For Olusoga, the idea that removing statues is the same as removing history is “palpable nonsense” and celebrating such figures will only validate people “who did terrible things”.

“I think his statue pretended the only story about him was his philanthropy, which was undoubted – he gave lots of money to Bristol. But that money came from slavery,” he said.

Photo: Crowds gather around the Floating Harbour and stand on Pero's Bridge as the statue of Edward Colston, covered in graffiti and with a rope around its neck is lifted over a fence to be thrown in to the water below.

The Colston statue came down during the Black Lives Matter protest – photo by Colin Moody.

Instead, we must aim to provide a broader education around the British Empire and its reliance on the slave trade in order to understand the people whose statues have been in our cities for so long.

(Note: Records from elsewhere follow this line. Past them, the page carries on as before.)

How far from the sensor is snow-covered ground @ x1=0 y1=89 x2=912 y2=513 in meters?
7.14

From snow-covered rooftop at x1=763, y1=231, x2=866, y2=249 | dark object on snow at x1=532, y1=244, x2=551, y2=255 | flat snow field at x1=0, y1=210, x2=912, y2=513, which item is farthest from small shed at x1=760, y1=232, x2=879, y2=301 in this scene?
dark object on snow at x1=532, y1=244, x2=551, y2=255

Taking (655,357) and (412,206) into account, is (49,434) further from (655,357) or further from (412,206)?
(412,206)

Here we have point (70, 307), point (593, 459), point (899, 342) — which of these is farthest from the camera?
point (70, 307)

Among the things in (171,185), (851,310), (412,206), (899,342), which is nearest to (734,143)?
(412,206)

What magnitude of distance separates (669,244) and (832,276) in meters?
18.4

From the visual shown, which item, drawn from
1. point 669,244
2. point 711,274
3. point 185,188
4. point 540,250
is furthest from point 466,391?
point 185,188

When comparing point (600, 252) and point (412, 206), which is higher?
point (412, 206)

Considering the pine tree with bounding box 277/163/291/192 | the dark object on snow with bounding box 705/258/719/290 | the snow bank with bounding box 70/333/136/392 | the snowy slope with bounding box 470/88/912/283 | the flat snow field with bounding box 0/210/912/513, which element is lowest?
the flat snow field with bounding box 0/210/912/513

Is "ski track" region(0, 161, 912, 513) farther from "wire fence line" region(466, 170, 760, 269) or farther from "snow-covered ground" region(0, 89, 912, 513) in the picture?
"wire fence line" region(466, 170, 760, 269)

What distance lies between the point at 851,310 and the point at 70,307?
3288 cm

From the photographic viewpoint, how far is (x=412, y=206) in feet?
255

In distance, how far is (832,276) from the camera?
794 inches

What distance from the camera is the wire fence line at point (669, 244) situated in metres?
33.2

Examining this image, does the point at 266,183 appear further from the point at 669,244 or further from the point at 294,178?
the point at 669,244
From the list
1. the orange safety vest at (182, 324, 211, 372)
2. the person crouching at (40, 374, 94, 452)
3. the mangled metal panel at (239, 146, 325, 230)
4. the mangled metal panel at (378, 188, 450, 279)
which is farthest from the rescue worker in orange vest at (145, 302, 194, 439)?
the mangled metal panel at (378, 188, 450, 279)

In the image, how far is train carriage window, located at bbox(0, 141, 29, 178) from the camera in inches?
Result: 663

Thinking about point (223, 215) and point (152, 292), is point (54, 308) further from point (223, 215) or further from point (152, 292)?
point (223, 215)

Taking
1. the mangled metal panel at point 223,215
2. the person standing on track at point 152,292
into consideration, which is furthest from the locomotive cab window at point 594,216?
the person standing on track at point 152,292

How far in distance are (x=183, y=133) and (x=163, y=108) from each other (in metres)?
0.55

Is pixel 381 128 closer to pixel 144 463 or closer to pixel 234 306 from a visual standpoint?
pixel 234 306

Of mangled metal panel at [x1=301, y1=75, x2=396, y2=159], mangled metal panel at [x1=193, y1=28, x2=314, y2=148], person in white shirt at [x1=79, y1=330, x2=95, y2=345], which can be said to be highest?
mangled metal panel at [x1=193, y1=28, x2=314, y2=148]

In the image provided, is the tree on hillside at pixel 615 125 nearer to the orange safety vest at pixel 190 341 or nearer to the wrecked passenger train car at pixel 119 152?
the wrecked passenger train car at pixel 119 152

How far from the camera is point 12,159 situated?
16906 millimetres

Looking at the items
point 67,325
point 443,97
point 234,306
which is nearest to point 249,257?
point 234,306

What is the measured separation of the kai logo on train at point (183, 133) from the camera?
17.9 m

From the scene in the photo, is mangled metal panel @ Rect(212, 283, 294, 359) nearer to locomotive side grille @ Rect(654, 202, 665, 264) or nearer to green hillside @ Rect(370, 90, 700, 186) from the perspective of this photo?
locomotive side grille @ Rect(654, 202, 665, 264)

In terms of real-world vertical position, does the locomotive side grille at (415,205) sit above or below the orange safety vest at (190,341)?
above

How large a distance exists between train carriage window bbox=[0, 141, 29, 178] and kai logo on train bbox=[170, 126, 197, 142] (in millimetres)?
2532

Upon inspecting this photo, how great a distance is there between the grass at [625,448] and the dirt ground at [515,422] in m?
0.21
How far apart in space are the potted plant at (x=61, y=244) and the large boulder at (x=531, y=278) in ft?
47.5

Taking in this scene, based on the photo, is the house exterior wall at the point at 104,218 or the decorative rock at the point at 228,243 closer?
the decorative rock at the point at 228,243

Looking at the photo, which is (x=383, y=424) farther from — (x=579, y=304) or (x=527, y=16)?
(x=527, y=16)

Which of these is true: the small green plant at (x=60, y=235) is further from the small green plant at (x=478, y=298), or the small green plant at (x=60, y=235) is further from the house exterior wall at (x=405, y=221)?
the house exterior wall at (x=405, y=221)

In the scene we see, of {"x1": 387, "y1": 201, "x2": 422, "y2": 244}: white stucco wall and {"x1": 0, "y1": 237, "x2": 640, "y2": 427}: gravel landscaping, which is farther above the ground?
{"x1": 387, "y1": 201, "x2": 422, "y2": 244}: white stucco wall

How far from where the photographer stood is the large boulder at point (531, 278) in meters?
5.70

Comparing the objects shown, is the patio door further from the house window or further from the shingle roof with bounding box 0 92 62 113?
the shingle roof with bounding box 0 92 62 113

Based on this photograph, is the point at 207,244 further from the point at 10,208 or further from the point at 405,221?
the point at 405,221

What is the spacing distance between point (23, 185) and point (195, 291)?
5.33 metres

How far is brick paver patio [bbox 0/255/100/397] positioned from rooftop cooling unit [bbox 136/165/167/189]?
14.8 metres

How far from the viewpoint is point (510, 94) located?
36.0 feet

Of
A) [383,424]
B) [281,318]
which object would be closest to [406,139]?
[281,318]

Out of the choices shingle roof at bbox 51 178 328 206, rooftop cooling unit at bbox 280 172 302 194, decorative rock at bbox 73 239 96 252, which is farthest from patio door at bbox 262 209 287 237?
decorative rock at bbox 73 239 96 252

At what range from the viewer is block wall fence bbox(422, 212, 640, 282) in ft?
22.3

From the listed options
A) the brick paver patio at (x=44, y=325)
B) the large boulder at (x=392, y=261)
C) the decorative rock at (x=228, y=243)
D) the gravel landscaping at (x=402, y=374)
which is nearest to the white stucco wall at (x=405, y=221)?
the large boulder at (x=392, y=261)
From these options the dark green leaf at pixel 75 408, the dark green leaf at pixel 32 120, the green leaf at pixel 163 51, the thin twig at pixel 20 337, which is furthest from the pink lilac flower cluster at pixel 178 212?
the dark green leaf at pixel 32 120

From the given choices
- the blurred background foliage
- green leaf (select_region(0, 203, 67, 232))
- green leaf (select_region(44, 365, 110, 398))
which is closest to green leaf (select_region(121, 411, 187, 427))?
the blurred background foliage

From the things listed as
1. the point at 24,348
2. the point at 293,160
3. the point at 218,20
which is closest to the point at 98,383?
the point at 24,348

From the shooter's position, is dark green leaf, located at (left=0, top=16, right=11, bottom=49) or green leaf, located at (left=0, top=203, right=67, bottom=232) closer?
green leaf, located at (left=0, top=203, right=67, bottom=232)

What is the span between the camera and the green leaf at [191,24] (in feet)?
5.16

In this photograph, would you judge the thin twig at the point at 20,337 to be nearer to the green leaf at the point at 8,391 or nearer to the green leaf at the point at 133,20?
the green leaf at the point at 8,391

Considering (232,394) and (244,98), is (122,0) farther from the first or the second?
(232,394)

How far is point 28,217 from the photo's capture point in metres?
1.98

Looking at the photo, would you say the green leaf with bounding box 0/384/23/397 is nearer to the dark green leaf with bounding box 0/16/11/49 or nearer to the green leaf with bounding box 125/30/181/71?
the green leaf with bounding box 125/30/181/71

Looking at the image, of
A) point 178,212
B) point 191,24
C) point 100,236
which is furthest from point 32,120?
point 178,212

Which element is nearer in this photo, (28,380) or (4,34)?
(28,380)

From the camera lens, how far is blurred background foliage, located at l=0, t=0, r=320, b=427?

On Thursday, the author and TV presenter will be teaching online history lessons to students across the UK to share the importance of the national census and how it can reveal hidden histories.

His lesson, which was put together along with the Office of National Statistics, will look at how sailors recruited from Asia to work on British ships faced tougher conditions and lower wages than their white colleagues.

David Olusoga’s online lesson, Equality, Representation and the Census, is part of the Census 2021 Let’s Count primary school programme and will be streamed on the Census 2021 YouTube channel at 11am on February 4.